July 17th, 1994; We witnessed the largest collision and explosion ever witnessed by mankind.

Imagine a rock the size of Mt Everest moving at 60 kilometres per second(Yes you read that right), whose impact caused an explosion of energy equivalent to 6,000,000 megatons of TNT(Yes, you read that right too), a fireball larger than our planet, and a temperature of 24000K. The scars to the planet's surface measured as much as 12,000 kilometres across.(Almost the equivalent of three Earths)

Comet Shoemaker–Levy 9 (D/1993 F2) was a comet that broke apart and collided with Jupiter in July 1994, providing the first direct observation of an extraterrestrial collision of Solar System objects. The colossal collision provided new insights about Jupiter and highlighted its role of being the vacuum cleaner/lifeguard protecting the inner Solar System...including us here on Earth!

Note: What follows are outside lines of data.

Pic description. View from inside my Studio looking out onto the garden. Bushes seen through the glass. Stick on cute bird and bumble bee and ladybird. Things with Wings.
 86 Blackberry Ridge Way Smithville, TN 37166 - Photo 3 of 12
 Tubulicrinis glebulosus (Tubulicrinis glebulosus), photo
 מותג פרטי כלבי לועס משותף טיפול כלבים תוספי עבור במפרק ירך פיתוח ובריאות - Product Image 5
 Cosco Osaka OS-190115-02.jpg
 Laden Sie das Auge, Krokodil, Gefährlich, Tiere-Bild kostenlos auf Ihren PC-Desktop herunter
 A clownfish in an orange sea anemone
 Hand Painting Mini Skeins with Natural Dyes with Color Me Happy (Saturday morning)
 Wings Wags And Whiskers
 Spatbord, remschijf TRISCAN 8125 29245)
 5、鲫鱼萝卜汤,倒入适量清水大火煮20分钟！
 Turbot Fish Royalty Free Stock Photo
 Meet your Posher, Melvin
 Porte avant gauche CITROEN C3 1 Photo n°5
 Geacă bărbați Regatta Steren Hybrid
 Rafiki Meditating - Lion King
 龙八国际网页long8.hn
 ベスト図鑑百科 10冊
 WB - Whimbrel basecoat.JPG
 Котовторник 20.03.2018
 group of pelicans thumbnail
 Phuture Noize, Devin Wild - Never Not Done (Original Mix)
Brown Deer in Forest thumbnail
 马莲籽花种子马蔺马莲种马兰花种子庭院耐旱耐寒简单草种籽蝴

Comet Shoemaker–Levy 9 was discovered by astronomers Carolyn and Eugene M. Shoemaker and David Levy and was located on the night of March 24, 1993, at the Schmidt telescope at the Palomar Observatory in California.

It was determined that the entire process began 20 – 30 years earlier when the comet was captured by the planet, and eventually due to Jupiter's gravitational forces, broke apart into a string of fragments.

Finally, on July 16, 1994, the first impact occurred at 20:13 UTC, when fragment A of the nucleus entered Jupiter's southern hemisphere at a speed of about 60 km/s. The ensuing fireball reached a peak temperature of 24,000 K, before expanding and cooling rapidly to about 1500 K after 40 s. The plume from the fireball quickly reached a height of over 3,000 km.


Observers soon saw a massive darkened spot after the first impact. The spot was visible even in very small telescopes and was about 3,700 miles (one Earth radius) across.

Over the next 6 days, 21 distinct impacts were observed, with the largest coming on July 18 at 07:33 UTC when fragment G struck Jupiter. This impact created a giant dark spot over 12,000 km across and was estimated to have released an energy equivalent to 6,000,000 megatons of TNT (600 times the world's nuclear arsenal).

Two impacts 12 hours apart on July 19 created impact marks of similar size to that caused by fragment G, and impacts continued until July 22, when fragment W struck the planet.


Enormous shock waves generated by the collisions swept across the planet at speeds of 450 m/s (1,476 ft/s) and were observed for over two hours after the largest impacts.

Jupiter in its true form, simply shook off the impacts, and it became nothing more than a blemish that faded in a few weeks. The only true long-term effect of the event is it allowed scientists a closer look at the chemical and physical composition of the Planets atmosphere, as well as its water content.

Finally, the massive impact event finally gave the Jovian planet the full credit it deserved in being the safety net for our little planet. The extinction of the dinosaurs at the end of the Cretaceous period is generally believed to have been caused by the Cretaceous–Paleogene impact event which created the Chicxulub crater, demonstrating that at any given moment, we are exposed to the threat of mass planetary-wide extinction, but thankfully due to our very big brother, we have lasted long enough to possibly, and hopefully take over as guardians of our own planet.